**** Material for this task

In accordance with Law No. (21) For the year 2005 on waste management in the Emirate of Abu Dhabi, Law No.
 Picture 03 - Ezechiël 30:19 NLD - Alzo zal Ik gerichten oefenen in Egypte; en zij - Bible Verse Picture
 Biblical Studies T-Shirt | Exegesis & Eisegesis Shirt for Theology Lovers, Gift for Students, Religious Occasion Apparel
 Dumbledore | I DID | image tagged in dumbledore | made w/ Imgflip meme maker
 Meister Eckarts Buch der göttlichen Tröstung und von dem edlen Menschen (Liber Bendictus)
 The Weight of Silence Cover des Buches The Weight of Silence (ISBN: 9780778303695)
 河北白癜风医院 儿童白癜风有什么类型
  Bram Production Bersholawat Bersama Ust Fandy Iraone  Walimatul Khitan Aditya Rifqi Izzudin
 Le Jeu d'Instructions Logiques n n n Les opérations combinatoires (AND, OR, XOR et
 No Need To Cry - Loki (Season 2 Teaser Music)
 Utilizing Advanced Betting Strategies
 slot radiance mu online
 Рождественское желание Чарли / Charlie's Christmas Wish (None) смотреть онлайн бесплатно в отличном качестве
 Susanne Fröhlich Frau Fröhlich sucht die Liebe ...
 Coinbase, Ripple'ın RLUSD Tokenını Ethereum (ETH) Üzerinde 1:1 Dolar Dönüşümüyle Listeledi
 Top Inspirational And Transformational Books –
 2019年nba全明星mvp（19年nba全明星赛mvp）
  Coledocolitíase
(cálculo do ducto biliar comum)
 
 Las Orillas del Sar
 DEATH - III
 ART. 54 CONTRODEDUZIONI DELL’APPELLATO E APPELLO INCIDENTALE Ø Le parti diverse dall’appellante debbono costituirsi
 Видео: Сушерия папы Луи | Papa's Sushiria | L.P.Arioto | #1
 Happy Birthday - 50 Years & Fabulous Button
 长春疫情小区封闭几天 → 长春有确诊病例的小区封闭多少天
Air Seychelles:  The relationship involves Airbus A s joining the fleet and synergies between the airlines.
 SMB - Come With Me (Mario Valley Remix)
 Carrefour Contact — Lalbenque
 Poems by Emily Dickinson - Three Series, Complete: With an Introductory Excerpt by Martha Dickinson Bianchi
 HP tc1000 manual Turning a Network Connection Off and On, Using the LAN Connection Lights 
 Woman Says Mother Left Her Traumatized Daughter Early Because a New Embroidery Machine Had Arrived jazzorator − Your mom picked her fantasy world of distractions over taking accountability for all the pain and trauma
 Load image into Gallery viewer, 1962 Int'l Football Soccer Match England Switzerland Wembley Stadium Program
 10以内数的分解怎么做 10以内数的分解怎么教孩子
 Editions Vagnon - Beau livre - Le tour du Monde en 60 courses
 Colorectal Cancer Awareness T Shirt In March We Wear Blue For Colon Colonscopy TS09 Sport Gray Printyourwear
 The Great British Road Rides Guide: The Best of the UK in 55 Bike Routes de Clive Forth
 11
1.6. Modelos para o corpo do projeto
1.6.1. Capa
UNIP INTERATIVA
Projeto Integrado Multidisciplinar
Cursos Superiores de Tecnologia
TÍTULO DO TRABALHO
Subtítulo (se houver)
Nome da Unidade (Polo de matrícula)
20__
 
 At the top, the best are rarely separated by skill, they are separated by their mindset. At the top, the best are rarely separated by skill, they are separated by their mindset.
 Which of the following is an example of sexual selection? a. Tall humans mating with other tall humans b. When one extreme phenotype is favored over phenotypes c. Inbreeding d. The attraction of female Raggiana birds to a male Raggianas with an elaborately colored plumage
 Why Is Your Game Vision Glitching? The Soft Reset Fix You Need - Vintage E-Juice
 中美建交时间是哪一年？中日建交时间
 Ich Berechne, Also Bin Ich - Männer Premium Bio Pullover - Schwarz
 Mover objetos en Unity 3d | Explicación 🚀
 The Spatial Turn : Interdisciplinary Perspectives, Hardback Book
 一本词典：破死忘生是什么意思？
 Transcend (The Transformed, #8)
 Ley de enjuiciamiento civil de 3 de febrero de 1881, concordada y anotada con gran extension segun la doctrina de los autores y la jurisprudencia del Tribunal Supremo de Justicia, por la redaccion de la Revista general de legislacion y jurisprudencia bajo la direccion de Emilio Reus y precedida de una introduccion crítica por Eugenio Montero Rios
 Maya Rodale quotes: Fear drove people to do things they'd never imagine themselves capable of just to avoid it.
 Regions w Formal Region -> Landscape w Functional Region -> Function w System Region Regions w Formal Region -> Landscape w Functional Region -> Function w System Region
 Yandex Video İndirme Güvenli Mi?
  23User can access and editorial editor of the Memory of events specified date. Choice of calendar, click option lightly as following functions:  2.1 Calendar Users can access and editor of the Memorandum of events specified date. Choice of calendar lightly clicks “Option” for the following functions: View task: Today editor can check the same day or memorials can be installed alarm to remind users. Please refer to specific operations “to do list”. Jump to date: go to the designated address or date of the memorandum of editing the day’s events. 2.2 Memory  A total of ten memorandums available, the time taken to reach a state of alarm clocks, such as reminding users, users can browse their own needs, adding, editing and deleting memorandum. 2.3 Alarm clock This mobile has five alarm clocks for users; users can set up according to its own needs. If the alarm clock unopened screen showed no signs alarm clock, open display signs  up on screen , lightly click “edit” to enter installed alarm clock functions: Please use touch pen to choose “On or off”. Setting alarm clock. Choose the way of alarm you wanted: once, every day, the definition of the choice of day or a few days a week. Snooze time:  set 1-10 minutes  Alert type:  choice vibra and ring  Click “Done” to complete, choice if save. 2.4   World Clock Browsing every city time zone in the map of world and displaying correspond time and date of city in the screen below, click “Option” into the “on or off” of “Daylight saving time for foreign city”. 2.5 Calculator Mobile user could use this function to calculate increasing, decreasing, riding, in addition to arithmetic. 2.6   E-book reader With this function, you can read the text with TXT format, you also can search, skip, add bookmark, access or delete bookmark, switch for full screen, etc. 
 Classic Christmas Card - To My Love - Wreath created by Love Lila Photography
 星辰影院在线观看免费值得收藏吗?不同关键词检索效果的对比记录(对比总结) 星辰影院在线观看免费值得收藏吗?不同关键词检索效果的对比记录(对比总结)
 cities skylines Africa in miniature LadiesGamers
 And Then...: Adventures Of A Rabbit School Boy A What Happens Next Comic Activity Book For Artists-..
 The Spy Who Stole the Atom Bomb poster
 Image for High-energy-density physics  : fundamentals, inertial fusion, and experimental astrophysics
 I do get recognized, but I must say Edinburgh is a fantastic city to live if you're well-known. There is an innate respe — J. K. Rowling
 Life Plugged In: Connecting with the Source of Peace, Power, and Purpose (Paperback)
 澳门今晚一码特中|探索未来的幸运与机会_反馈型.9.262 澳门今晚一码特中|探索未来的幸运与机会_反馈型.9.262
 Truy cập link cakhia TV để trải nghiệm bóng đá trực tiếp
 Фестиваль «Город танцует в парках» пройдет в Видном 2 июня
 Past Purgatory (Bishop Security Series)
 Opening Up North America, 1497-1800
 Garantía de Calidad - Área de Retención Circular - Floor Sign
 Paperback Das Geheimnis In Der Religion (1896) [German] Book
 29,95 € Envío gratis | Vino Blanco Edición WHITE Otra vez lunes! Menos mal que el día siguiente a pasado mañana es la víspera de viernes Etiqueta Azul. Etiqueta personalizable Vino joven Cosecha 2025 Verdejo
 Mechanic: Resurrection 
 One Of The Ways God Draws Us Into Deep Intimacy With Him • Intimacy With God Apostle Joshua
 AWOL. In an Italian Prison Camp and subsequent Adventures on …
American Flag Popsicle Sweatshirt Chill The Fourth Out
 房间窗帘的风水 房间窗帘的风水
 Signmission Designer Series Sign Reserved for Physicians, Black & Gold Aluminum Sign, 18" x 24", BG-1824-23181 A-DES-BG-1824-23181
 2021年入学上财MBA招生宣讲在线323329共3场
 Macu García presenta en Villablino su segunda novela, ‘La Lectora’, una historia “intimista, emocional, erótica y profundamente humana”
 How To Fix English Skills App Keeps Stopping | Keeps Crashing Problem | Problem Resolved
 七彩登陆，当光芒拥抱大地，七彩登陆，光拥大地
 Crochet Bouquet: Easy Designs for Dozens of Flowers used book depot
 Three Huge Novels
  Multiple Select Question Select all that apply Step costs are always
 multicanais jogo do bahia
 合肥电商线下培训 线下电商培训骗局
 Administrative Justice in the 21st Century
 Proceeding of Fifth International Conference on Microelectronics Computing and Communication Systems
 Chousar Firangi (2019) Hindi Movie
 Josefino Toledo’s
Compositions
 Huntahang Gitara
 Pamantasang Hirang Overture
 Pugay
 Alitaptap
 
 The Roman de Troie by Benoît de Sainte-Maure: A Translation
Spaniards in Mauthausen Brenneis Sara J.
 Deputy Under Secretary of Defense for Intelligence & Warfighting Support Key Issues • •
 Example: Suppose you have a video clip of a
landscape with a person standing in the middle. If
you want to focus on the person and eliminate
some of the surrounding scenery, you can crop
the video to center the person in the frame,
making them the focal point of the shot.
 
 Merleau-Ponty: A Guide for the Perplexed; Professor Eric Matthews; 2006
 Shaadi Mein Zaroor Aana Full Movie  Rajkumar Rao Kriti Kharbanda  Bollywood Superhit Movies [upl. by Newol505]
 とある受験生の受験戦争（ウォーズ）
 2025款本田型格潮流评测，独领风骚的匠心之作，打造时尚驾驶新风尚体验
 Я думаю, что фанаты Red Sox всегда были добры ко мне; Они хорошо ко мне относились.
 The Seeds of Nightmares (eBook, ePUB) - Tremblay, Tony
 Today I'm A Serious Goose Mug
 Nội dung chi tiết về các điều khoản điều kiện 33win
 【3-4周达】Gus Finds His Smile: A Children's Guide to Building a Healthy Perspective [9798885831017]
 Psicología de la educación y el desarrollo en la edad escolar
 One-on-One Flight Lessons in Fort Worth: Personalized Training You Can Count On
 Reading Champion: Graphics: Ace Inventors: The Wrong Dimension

********

◆ Task directions ◆
Output the lines above exactly, but only those between the line holding "DEATH - III" and the line holding "Happy Birthday - 50 Years & Fabulous Button", inclusive.

◆ Solution for this task ◆
 DEATH - III
 ART. 54 CONTRODEDUZIONI DELL’APPELLATO E APPELLO INCIDENTALE Ø Le parti diverse dall’appellante debbono costituirsi
 Видео: Сушерия папы Луи | Papa's Sushiria | L.P.Arioto | #1
 Happy Birthday - 50 Years & Fabulous Button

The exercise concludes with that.